Problem to work on —
Reproduce what is written in the records below exactly, and leave out the images.

Dataset extract —
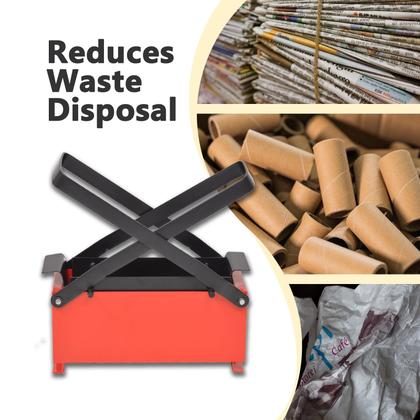 Imagem de Máquina de tijolos de papel vidaXL Aço preto e vermelho 34x14x14cm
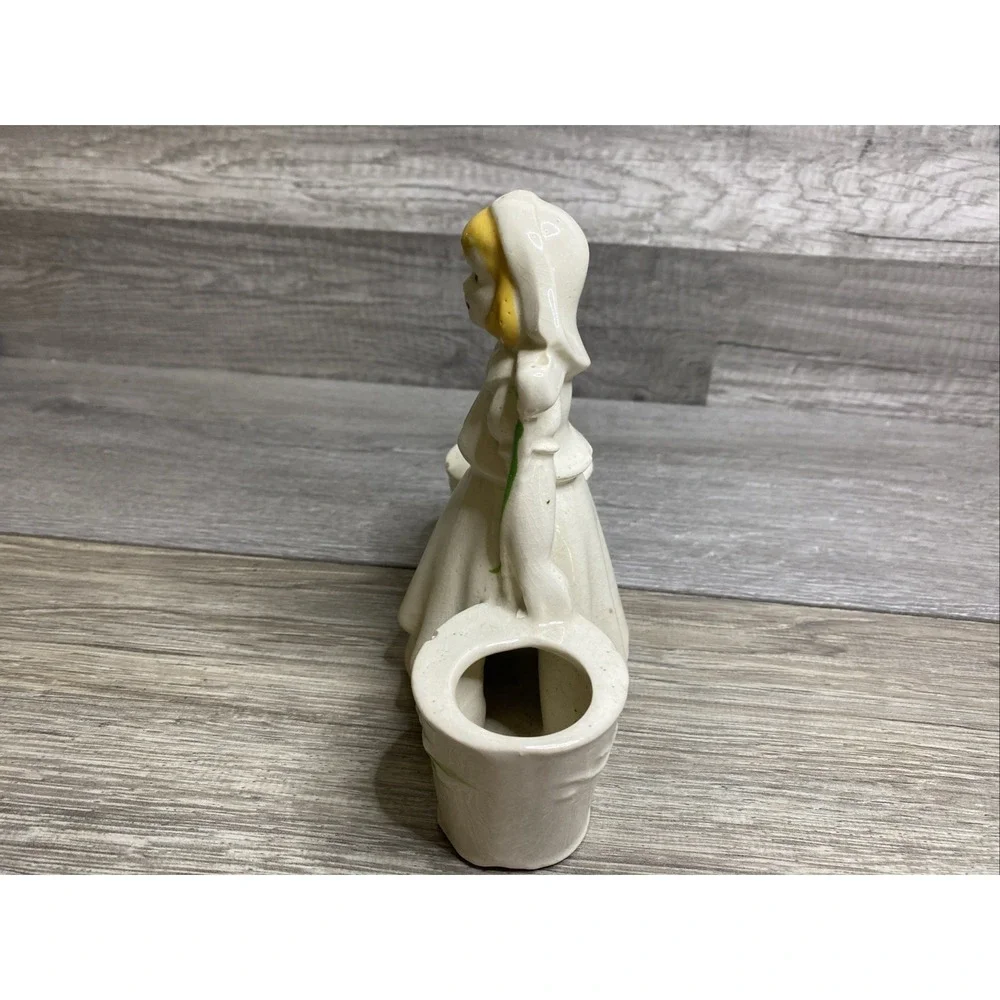VTG Dutch Girl With Water Buckets 1950's Ceramic Planter Figurine 6.5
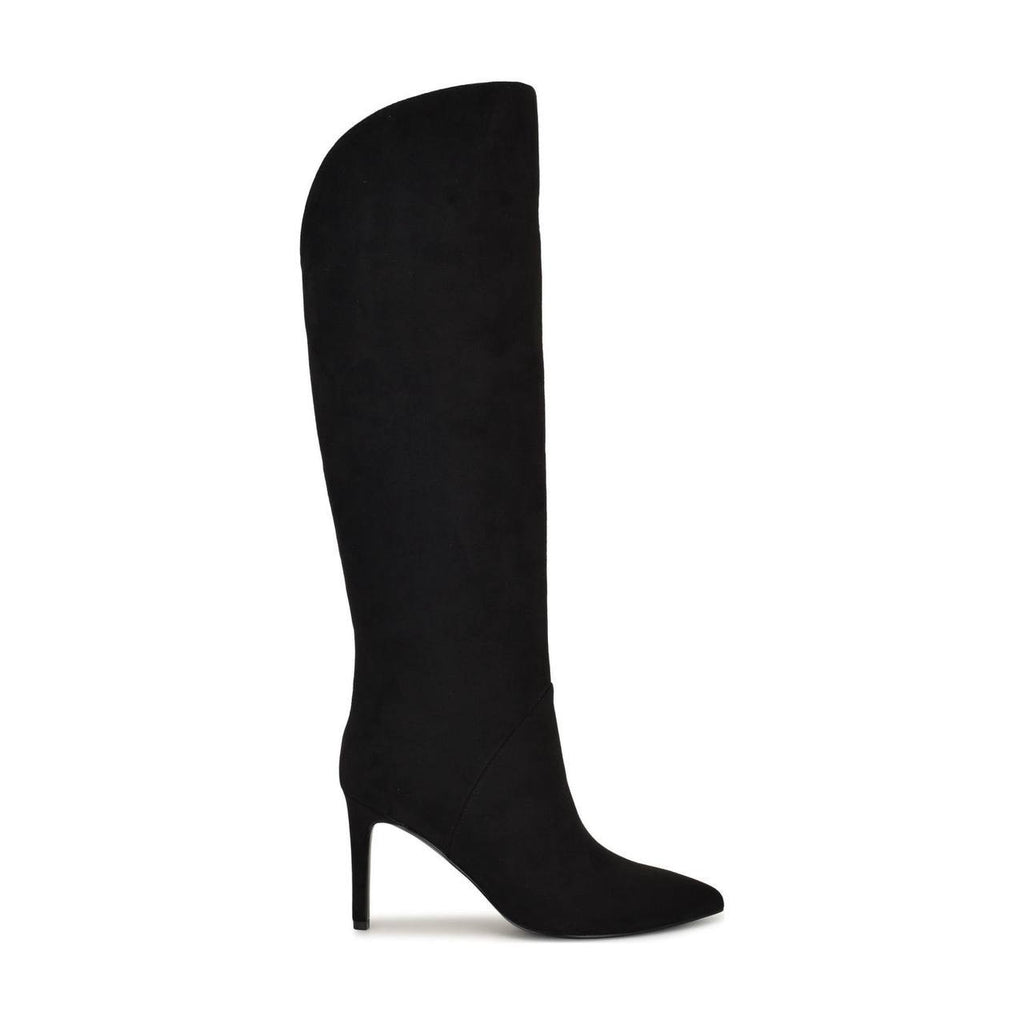 Nine West Razla Wide Calf Knee High Boots Black 7.5M Faux Suede $189 NWB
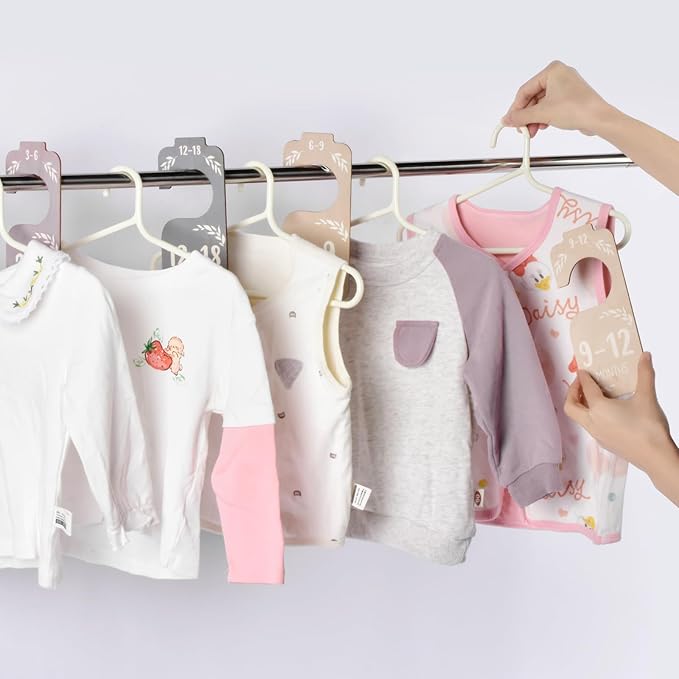 Baby Closet Dividers for Clothes Organizer, 8 PCS Wooden Double-Sided Clothes Organizer from Newborn to 24 Months, Colorful Baby Clothes Dividers for Nursery Beautiful Decor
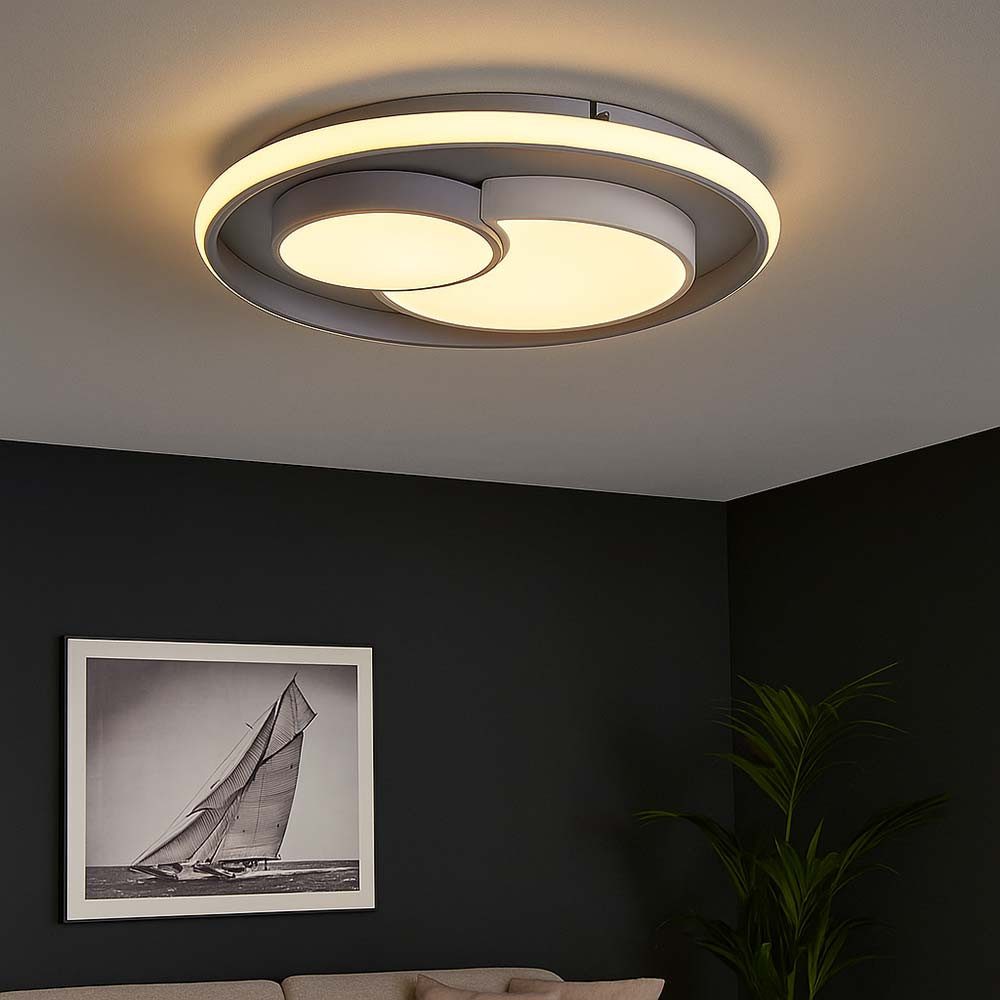 WOFI LED Deckenleuchte, LED-Leuchtmittel fest verbaut, Warmweiß, Deckenleuchte dimmbar über Schalter Wohnzimmer LED weiß grau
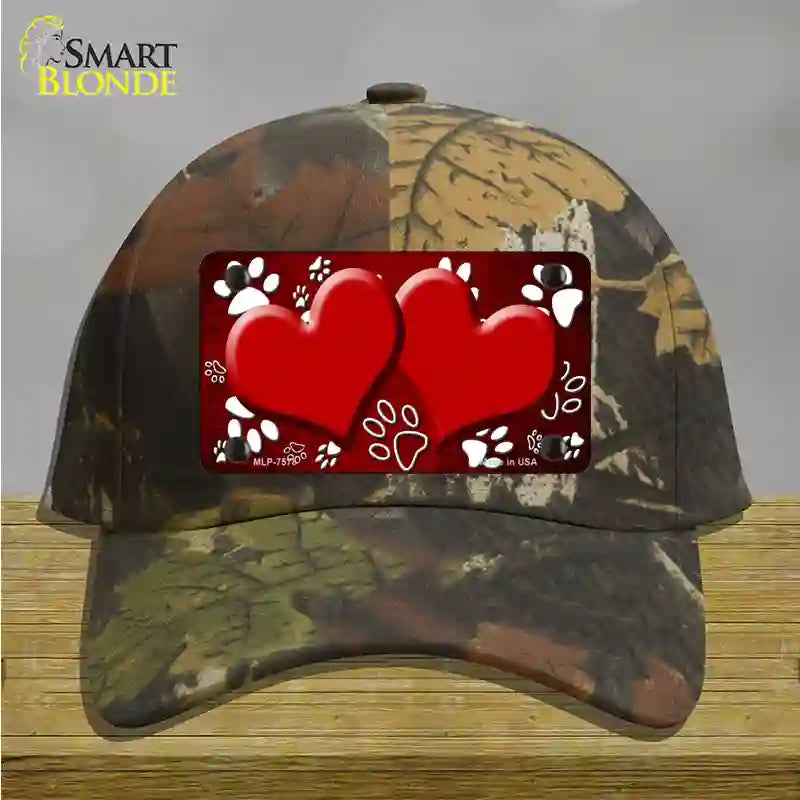 Paw Heart Red White Novelty License Plate Hat Cotton / Camoflauge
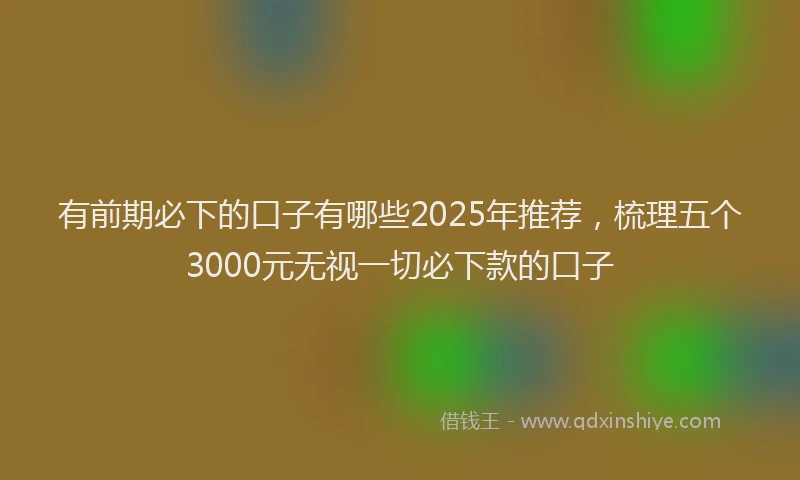 有前期必下的口子有哪些2025年推荐，梳理五个3000元无视一切必下款的口子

Reply to the exercise —
 Imagem de Máquina de tijolos de papel vidaXL Aço preto e vermelho 34x14x14cm
VTG Dutch Girl With Water Buckets 1950's Ceramic Planter Figurine 6.5
 Nine West Razla Wide Calf Knee High Boots Black 7.5M Faux Suede $189 NWB
 Baby Closet Dividers for Clothes Organizer, 8 PCS Wooden Double-Sided Clothes Organizer from Newborn to 24 Months, Colorful Baby Clothes Dividers for Nursery Beautiful Decor
 WOFI LED Deckenleuchte, LED-Leuchtmittel fest verbaut, Warmweiß, Deckenleuchte dimmbar über Schalter Wohnzimmer LED weiß grau
 Paw Heart Red White Novelty License Plate Hat Cotton / Camoflauge
 有前期必下的口子有哪些2025年推荐，梳理五个3000元无视一切必下款的口子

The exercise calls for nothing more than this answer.